Among the jewels that Arthur Freed’s musicals unit turned out at MGM in the ’40s and ’50s, Singin’ in the Rain (1952) is the Hope diamond. Set in Hollywood in the late ’20s, at the moment when the unimaginable success of Warner Brothers’ The Jazz Singer sent the other studios into a desperate furor of nervous activity as they closed down all production of silents and wired their stages for sound, Betty Comden & Adolph Green’s screenplay burlesques the movie business with as much deadly accuracy and outrageous wit as anyone ever has. There they all are: the hamstrung mogul without an original thought in his head; the dyspeptic director in his beret and jodhpurs; the gushy columnist; the vain matinee idol thrown into a tailspin when someone suggests he may not be the world’s greatest actor; the territorial star threatened by the fresh-faced ingénue who steals her thunder. And, of course, the narcissistic silent-movie diva who’s so dumb that she believes her own publicity.

Jean Hagen’s Lina Lamont is hands down the most hilarious character in any movie musical. She’s not the protagonist, but the plot revolves around her. Forced to turn the latest costume vehicle for her and her co-star, Don Lockwood (Gene Kelly), into a talkie, Monumental Pictures struggles to find a way around her voice, which sounds like a cross between a crippled foghorn and radio static. Elocution lessons don’t make a dent in it, and she’s such a dope, she can’t even remember to talk into the microphones the sound technicians have planted all over the set. The resulting picture, The Dueling Cavalier, is a fiasco when it’s previewed before an audience, in a sequence that still makes viewers sick with laughter. At the 11th hour, Don’s old vaudeville partner, Cosmo Brown (Donald O’Connor), comes up with the answer: he invents lip-synching, and Don’s girlfriend, Kathy Selden (Debbie Reynolds), a rising contract player, lands the job of providing Lina Lamont’s voice.

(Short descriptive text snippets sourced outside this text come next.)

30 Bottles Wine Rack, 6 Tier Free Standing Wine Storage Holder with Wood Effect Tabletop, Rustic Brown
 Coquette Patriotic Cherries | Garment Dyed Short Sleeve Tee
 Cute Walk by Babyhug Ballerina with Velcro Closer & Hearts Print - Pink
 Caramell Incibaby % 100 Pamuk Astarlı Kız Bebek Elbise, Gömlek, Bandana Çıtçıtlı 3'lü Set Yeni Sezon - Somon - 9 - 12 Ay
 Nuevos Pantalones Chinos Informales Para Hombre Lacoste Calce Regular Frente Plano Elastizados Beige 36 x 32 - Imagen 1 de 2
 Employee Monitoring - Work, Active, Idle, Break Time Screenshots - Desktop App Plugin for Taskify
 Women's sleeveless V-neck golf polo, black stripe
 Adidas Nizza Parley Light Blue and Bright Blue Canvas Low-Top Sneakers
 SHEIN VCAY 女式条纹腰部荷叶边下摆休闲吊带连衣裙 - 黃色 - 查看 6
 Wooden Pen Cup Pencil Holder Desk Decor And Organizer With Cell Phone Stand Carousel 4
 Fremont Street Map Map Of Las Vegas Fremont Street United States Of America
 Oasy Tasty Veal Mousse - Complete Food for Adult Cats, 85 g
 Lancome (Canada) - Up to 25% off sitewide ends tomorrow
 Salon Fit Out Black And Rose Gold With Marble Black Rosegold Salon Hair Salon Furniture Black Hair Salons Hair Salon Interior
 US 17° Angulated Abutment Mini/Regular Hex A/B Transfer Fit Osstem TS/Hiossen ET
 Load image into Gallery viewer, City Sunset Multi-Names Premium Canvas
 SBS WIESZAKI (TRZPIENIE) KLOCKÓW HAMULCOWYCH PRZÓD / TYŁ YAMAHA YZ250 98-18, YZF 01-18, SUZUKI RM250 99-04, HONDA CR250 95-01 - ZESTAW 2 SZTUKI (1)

The credits list Kelly as co-director, as on his other collaborations with Stanley Donen, because he staged and shot the musical numbers, many of which are classics. Freed had won an Oscar the year before for producing An American in Paris, which showcased the music of George Gershwin, and in Singin’ in the Rain he recycled a handful of tunes he and lyricist Nacio Herb Brown had penned at MGM in the early days of the talkies. The title song had been introduced as the finale of an all-star musical spectacle called Hollywood Revue of 1929, but in movie lovers’ minds it’s forever associated with the image of Kelly swinging from a lamp post, umbrella in hand, and sloshing about merrily in several inches of rain water while proclaiming his new-found love for Debbie Reynolds. The pas de deux for Don and Kathy, "You Were Meant for Me," takes place on a soundstage: it’s a tribute to the irresistible artifice movies create to stylize romance. Donald O’Connor, one of the two most gifted comic dancers in the history of movies (the other, Ray Bolger, also did his stint at MGM), cheers up his downhearted pal with a peerless piece of vaudevillean brio, "Make ’Em Laugh," that climaxes when he dances up the wall of a movie flat and somersaults off it. O’Connor and Kelly duet on "Fit As a Fiddle" and again on "Moses Supposes," a tongue twister set to music. And in "Good Morning" (borrowed from the Judy Garland & Mickey Rooney Babes in Arms), Kelly, O’Connor, and Reynolds express their bottomless joy at solving the Dueling Cavalier problem by dancing over an upended sofa.

If choreographic athleticism was Kelly’s trademark, show-biz satire was Comden & Green’s. They would take on the Broadway musical in The Band Wagon the following year, and TV bathos in It’s Always Fair Weather, another Donen-Kelly picture, in 1955. But Singin’ in the Rain was their finest hour. It’s fitting that a new, 50th-anniversary restoration should open at the Regent mere weeks after Green’s death. Wherever he is, I hope he can hear the audience roaring with laughter.